[Your instructions] Nothing is needed except the lines below that run from the one with "Blue Staff Tripod" through the one with "Modul Ajar Matematika Kelas 1 SD | PDF", repeated exactly.

### Provided information

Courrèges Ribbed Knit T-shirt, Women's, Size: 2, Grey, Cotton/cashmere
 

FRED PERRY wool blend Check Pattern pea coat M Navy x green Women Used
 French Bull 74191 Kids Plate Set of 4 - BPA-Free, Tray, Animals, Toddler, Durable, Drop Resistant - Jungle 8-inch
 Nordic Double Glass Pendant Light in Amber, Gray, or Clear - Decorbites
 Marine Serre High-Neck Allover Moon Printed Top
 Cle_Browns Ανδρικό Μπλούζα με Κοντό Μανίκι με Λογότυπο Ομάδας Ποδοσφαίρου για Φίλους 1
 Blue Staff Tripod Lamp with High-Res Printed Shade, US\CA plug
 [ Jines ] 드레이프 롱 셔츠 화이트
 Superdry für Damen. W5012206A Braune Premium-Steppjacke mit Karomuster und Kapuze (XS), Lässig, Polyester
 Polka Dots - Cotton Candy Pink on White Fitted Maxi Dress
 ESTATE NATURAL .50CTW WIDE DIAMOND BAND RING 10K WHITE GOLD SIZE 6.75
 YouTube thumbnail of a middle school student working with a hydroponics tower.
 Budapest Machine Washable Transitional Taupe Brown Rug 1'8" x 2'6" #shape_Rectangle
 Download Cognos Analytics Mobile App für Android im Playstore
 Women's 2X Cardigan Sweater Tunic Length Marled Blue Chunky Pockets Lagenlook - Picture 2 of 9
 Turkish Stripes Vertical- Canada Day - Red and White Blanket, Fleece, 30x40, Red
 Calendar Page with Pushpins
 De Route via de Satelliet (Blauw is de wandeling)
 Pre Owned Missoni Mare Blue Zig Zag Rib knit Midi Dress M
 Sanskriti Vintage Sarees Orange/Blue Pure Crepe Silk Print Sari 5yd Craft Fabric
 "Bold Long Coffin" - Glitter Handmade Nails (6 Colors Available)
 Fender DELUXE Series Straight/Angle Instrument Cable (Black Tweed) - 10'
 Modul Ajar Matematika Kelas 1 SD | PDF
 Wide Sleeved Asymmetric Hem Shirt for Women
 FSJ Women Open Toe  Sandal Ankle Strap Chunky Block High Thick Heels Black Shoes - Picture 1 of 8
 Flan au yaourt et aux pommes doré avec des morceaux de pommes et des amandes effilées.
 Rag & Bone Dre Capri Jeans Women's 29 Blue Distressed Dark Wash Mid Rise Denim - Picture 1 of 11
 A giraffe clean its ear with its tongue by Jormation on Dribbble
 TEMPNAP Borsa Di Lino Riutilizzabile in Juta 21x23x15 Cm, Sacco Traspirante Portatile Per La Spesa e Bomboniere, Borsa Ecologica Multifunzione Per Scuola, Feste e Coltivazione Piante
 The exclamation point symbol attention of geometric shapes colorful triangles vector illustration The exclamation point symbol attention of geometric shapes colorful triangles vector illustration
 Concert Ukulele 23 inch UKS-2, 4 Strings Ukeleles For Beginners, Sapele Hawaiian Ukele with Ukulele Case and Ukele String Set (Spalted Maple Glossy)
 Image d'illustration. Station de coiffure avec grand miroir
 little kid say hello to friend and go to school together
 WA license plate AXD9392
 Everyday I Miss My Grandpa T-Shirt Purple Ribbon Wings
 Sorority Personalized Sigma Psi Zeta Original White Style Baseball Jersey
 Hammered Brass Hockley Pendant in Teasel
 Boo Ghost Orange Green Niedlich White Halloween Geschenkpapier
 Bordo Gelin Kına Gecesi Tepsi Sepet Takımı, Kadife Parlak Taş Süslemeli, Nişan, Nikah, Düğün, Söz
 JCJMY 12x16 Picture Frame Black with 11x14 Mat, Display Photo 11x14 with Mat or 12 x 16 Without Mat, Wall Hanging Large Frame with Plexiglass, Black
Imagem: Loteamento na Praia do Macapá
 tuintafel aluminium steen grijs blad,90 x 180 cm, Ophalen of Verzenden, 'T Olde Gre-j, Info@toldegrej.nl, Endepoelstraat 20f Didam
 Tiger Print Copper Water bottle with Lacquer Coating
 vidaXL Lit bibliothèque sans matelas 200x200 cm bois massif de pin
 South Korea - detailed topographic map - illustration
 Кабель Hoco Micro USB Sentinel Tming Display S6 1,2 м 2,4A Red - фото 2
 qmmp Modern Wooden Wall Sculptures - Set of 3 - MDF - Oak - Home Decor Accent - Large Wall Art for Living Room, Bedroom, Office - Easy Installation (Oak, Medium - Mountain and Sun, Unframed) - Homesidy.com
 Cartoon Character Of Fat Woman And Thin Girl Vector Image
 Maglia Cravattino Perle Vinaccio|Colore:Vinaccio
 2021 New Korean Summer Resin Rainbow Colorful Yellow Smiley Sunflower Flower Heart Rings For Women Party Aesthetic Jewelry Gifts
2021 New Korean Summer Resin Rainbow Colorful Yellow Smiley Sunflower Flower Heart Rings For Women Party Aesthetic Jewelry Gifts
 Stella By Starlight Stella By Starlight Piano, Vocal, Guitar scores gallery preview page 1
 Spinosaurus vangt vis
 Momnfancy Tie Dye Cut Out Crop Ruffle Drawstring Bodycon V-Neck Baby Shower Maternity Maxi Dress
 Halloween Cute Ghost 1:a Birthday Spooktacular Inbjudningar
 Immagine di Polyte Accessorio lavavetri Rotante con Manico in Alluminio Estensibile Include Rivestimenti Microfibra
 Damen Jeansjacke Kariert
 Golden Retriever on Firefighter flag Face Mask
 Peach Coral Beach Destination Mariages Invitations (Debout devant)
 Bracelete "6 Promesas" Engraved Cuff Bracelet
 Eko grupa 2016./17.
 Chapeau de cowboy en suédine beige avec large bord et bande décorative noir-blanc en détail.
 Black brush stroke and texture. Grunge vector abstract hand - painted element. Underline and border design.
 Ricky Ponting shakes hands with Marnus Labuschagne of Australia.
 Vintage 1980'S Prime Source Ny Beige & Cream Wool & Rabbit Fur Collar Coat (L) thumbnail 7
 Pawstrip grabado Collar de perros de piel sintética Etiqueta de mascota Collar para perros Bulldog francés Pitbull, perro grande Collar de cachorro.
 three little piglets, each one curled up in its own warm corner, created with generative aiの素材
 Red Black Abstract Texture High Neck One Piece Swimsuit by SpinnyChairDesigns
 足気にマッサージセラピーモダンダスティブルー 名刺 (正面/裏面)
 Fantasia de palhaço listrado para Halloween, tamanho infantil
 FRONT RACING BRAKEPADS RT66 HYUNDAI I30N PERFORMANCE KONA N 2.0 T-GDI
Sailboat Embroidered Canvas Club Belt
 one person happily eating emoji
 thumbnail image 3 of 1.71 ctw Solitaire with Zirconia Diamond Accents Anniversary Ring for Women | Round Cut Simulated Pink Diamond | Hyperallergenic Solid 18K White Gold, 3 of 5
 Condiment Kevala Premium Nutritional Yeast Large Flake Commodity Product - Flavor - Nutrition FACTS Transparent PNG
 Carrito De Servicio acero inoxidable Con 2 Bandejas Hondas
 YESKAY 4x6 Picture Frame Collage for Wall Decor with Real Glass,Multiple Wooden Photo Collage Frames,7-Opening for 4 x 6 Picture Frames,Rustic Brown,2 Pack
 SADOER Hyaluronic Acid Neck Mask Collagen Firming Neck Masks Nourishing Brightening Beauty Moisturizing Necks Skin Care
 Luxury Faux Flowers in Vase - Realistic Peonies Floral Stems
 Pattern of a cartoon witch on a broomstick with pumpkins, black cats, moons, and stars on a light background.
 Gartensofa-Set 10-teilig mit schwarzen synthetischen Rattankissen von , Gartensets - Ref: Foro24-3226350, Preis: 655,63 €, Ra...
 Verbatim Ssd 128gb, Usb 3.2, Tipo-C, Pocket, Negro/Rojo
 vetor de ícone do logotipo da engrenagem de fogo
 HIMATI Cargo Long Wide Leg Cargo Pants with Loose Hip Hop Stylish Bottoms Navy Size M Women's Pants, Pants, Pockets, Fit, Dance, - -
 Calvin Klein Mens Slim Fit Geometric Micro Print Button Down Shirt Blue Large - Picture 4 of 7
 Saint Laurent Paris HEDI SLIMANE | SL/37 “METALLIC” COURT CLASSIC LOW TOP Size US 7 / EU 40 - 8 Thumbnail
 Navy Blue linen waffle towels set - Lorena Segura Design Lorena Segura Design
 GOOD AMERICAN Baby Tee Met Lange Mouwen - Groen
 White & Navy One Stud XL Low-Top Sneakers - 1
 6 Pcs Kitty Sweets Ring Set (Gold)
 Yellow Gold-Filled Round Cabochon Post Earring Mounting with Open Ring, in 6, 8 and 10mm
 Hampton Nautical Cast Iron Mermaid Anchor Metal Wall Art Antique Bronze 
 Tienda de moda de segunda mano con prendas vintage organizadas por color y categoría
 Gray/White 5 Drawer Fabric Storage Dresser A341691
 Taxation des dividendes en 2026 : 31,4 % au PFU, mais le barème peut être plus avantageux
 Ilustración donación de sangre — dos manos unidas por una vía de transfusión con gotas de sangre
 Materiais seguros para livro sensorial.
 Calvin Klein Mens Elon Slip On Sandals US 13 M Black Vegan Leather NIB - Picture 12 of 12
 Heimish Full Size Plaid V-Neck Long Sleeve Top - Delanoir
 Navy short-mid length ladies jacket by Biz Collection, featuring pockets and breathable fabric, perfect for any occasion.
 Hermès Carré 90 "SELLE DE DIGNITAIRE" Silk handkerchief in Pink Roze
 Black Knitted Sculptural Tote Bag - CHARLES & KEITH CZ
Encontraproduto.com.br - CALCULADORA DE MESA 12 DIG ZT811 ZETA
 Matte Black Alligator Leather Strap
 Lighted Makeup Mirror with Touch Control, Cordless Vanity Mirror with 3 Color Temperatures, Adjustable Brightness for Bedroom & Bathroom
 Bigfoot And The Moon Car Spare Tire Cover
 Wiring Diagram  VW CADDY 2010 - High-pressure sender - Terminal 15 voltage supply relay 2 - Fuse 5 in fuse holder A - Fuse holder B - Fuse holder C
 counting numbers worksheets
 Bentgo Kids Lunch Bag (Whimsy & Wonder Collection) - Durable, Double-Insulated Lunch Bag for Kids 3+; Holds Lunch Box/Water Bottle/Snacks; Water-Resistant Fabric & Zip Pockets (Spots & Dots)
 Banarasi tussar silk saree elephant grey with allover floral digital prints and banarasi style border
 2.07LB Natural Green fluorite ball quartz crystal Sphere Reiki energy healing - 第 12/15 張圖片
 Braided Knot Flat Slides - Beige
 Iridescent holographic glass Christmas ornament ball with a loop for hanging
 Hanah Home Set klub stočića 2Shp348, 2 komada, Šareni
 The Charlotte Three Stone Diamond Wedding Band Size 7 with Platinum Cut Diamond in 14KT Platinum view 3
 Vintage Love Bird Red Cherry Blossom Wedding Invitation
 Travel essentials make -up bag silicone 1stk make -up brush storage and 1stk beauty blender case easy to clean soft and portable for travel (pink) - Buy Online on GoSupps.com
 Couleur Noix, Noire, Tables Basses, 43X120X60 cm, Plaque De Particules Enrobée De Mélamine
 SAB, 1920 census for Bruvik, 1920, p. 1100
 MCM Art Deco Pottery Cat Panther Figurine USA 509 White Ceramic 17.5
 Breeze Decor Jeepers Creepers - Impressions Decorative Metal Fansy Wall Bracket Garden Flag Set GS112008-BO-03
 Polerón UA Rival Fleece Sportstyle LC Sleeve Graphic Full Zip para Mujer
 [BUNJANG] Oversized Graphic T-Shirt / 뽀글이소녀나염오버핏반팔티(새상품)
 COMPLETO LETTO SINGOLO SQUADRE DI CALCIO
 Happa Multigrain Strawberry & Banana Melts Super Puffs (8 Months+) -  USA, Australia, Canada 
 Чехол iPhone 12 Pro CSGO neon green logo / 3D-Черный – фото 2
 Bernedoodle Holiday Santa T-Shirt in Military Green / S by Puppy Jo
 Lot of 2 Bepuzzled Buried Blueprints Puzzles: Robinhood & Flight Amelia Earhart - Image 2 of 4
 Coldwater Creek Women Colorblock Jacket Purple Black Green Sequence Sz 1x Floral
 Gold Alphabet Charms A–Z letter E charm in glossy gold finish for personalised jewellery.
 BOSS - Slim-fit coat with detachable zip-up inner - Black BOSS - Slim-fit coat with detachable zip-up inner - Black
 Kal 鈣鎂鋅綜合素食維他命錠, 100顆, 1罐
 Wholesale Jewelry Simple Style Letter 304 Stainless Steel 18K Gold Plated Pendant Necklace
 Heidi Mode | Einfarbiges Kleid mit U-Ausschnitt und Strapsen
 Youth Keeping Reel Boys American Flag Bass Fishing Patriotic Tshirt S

######

[Response box]
 Blue Staff Tripod Lamp with High-Res Printed Shade, US\CA plug
 [ Jines ] 드레이프 롱 셔츠 화이트
 Superdry für Damen. W5012206A Braune Premium-Steppjacke mit Karomuster und Kapuze (XS), Lässig, Polyester
 Polka Dots - Cotton Candy Pink on White Fitted Maxi Dress
 ESTATE NATURAL .50CTW WIDE DIAMOND BAND RING 10K WHITE GOLD SIZE 6.75
 YouTube thumbnail of a middle school student working with a hydroponics tower.
 Budapest Machine Washable Transitional Taupe Brown Rug 1'8" x 2'6" #shape_Rectangle
 Download Cognos Analytics Mobile App für Android im Playstore
 Women's 2X Cardigan Sweater Tunic Length Marled Blue Chunky Pockets Lagenlook - Picture 2 of 9
 Turkish Stripes Vertical- Canada Day - Red and White Blanket, Fleece, 30x40, Red
 Calendar Page with Pushpins
 De Route via de Satelliet (Blauw is de wandeling)
 Pre Owned Missoni Mare Blue Zig Zag Rib knit Midi Dress M
 Sanskriti Vintage Sarees Orange/Blue Pure Crepe Silk Print Sari 5yd Craft Fabric
 "Bold Long Coffin" - Glitter Handmade Nails (6 Colors Available)
 Fender DELUXE Series Straight/Angle Instrument Cable (Black Tweed) - 10'
 Modul Ajar Matematika Kelas 1 SD | PDF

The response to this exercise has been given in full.